One of the characteristics of de Bruijn graph-based assemblers is that the resulting graph is usually very tangled, especially when sequencing errors exist. This greatly impedes the formation of long contigs, because the branches cannot be resolved. Moreover, k
-mers from different regions or even from different species may be connected together, which further complicates the structure of the de Bruijn graph. As a result, many short contigs will be reported, which are often insufficient for downstream analysis, such as ab initio
gene prediction in these short contigs (Hoff, 2009
), or homology searches of the contigs (Wommack et al., 2008
). For instance, the MetaHIT consortium only considered contigs of length >500 bp, which represented only 42.7% of the sequencing reads (Qin et al., 2010
Salzberg et al. proposed a gene-boosted assembly approach to improve assembly quality, which used proteins from reference genomes to recruit sequencing reads to fill in the gaps between contigs (2008). Combining this approach with several other strategies, they successfully produced 76 contigs from 8 27 900 33 bp reads obtained from Pseudomonas aeruginosa PAb1, with the largest contig being 512 638 bp. They also demonstrated that most of the genes in a newly sequenced bacterial strain can be assembled using the genome of another strain of the same species as the reference, using gene-boosted assembly. This approach, however, was only applied to single genome assembly problems. Metagenome assembly is more difficult, because of the presence of homologous genes from multiple species in the same community that may behave like repeats for assemblers. Hence, the success of the approach relies on the utilization of a closely related genome (e.g. the genome of the same species but a different strain), which may not be available in metagenomics, which aims to study un-cultured microbial species in natural habitats.
Here, we present GeneStitch to infer gene paths (sequences of contigs), each of which represents a gene or a gene fragment, in the tangled de Bruijn graph resulted from de novo assembly of metagenomic reads, using a network matching algorithm. Given a reference gene sequence, GeneStitch searches for a path in the de Bruijn graph that is most similar to the given reference gene. Assuming that the gene paths found by GeneStitch consist of reads most likely sampled from a real gene, we can assemble genes in a metagenomic dataset by using known homologous genes as references. When prior knowledge of the species composition and gene contents of the sequenced metagenome is unavailable, we can use as many reference gene sequences as possible (e.g. the entire set of genes from all available microbial genomes) to guide the inference of gene paths.
One challenge of inferring gene paths is the separation of very similar genes in a metagenome. The gene paths inferred from GeneStitch may overlap substantially with each other, because homologous genes will share identical regions.
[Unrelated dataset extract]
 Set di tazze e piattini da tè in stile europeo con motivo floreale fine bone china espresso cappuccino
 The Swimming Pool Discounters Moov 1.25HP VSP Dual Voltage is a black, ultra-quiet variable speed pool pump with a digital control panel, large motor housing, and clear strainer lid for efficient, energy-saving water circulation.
Instead of attempting to separate these individual genes (with the risk of introducing misassemblies), we propose to merge these paths into ‘gene graphs’, each of which is a subgraph of the de Bruijn graph that contains reads from the same gene family (homologous genes). We argue that such gene graphs may be considered as single units for downstream analysis of metagenomes, for example for functional predictions by similarity search.
We test our approach on simulated single-genome and metagenomic datasets, and a mock dataset (Morgan et al., 2010
), which consists of real sequencing reads from an artificial community of 10 already-sequenced genomes. The results show that we are able to generate more complete genes by applying GeneStitch, and most of the gene graphs consist only of contigs from homologous genes.